§ What the task asks: Starting at the first line of the listing below, retype each line up to and including the one that contains "Silhouette person by". Leave pictures out.

§ Input data:
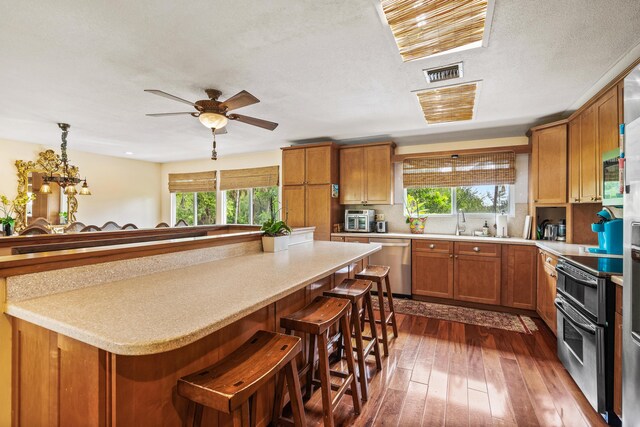 kitchen with decorative light fixtures, dark wood-type flooring, ceiling fan, a breakfast bar area, and stainless steel appliances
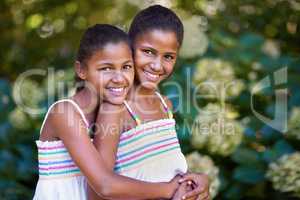 They have that special twin connection. Portrait of two twin sisters standing together outside.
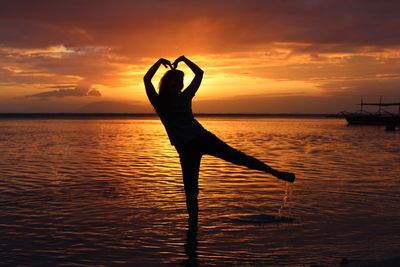 Silhouette person by sea against sky during sunset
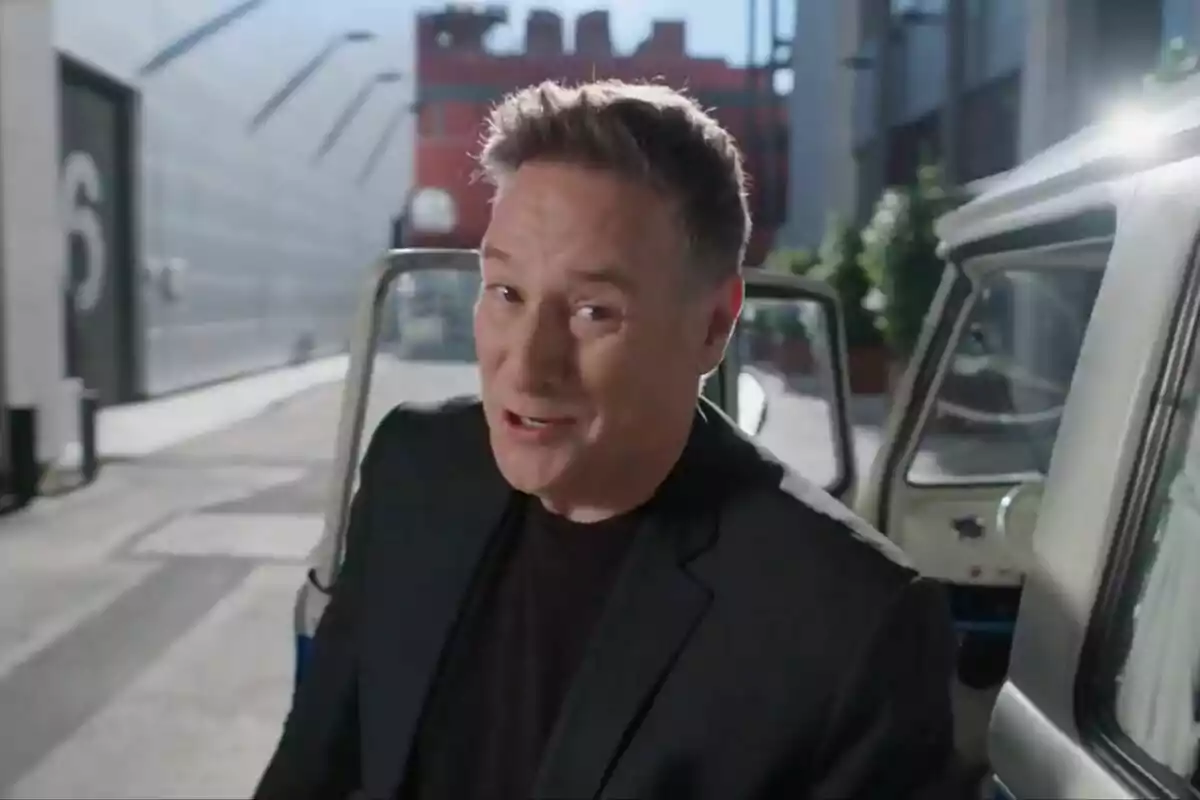 Captura de Carlos Latre amb una jaqueta negra està dreta al costat d'una camioneta amb la porta oberta a les instal·lacions de Mediaset en una promo de Babylon Show Captura de Carlos Latre amb una jaqueta negra està dreta al costat d'una camioneta amb la porta oberta a les instal·lacions de Mediaset en una promo de Babylon Show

§ Expected answer:
 kitchen with decorative light fixtures, dark wood-type flooring, ceiling fan, a breakfast bar area, and stainless steel appliances
 They have that special twin connection. Portrait of two twin sisters standing together outside.
 Silhouette person by sea against sky during sunset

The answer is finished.